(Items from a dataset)
========================
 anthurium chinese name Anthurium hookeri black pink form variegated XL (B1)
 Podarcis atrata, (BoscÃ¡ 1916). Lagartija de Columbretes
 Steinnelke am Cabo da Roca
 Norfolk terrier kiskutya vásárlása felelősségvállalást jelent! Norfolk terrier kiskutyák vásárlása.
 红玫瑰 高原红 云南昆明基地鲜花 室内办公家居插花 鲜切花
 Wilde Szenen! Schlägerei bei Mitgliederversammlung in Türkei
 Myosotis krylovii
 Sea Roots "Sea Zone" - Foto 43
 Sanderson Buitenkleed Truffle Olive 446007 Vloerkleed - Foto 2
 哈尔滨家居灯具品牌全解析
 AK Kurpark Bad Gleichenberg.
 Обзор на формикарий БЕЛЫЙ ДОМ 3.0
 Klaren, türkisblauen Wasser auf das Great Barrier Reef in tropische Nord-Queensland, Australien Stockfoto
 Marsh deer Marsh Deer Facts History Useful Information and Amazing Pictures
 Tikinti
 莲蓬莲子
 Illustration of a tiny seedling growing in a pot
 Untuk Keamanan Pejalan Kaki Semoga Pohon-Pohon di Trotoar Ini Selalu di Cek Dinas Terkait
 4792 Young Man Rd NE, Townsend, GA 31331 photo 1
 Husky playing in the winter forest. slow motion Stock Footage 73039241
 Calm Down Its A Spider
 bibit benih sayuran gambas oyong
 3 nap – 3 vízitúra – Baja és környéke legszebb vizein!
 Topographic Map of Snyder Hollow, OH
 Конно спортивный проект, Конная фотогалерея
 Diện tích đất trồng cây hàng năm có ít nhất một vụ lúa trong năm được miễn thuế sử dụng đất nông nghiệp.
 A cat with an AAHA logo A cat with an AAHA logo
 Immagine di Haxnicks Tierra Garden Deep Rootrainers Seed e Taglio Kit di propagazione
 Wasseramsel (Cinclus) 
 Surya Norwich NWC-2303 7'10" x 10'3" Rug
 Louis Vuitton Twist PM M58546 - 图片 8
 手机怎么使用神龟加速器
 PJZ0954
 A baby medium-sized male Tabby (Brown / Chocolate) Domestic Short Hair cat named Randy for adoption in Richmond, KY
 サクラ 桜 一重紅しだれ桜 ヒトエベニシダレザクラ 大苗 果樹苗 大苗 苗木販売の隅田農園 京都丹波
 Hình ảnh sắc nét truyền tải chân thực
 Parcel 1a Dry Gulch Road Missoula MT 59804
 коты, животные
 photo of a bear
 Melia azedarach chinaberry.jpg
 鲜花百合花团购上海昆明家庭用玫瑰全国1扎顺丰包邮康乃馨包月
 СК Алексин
========================
* _Exercise goal_: Take the stretch of lines above from the one containing "Wilde Szenen! Schlägerei" through the one containing "Illustration of a" and repeat it exactly, adding no other line.

* _Response to this exercise_:
 Wilde Szenen! Schlägerei bei Mitgliederversammlung in Türkei
 Myosotis krylovii
 Sea Roots "Sea Zone" - Foto 43
 Sanderson Buitenkleed Truffle Olive 446007 Vloerkleed - Foto 2
 哈尔滨家居灯具品牌全解析
 AK Kurpark Bad Gleichenberg.
 Обзор на формикарий БЕЛЫЙ ДОМ 3.0
 Klaren, türkisblauen Wasser auf das Great Barrier Reef in tropische Nord-Queensland, Australien Stockfoto
 Marsh deer Marsh Deer Facts History Useful Information and Amazing Pictures
 Tikinti
 莲蓬莲子
 Illustration of a tiny seedling growing in a pot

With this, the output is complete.